Over the past 18 months, a five-year-old consortium of furniture manufacturers and design firms called BeOriginal Americas has been training US Customs and Border Patrol (CBP) officers to distinguish real Eames, Starck, and Mies van der Rohe designs from fakes, among others. It’s working: According to CBP’s Intellectual Property Rights Seizure Statistics report (pdf, p.5), in 2016, customs officials confiscated 42 shipments of unauthorized replicas worth an estimated $4.2 million. In the same report, the CBP claimed that their “furniture enforcement efforts have helped to protect over 8,000 American jobs” a figure calculated according to workforce data provided to them by US furniture manufacturers.

But they’re up against a vast knock-off industry. Labeled with nice-sounding terms like “reproduction,”replica,” or “homage,” many designer chairs in offices, hotel lobbies, airports, restaurants and even big furniture stores are actually unauthorized copies. And while a knock-off Eames or Barcelona chair might seem like a harmless, budget-friendly addition to your living room, these illegal knockoffs threaten the economy and the environment, and erode the very meaning of design.

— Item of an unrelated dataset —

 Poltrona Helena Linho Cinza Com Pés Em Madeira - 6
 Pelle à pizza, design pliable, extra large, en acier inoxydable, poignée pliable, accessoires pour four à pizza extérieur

Designer chairs are often advertised based on form, finish and material. But like all good design, furniture design is primarily concerned with looking for solutions for specific needs. Well-built office chairs, for instance, are engineered so they don’t tip over when the sitter leans back; the superdurable Navy chair emerged from the US military’s need for a deckchair that could “withstand water, salt air and sailors”; and the Eames lounge chair is obsessively designed for comfort. Knockoffs, while styled similarly, can fail to deliver solutions because counterfeiters are focused on mass producing and selling good-enough products cheaply and quickly.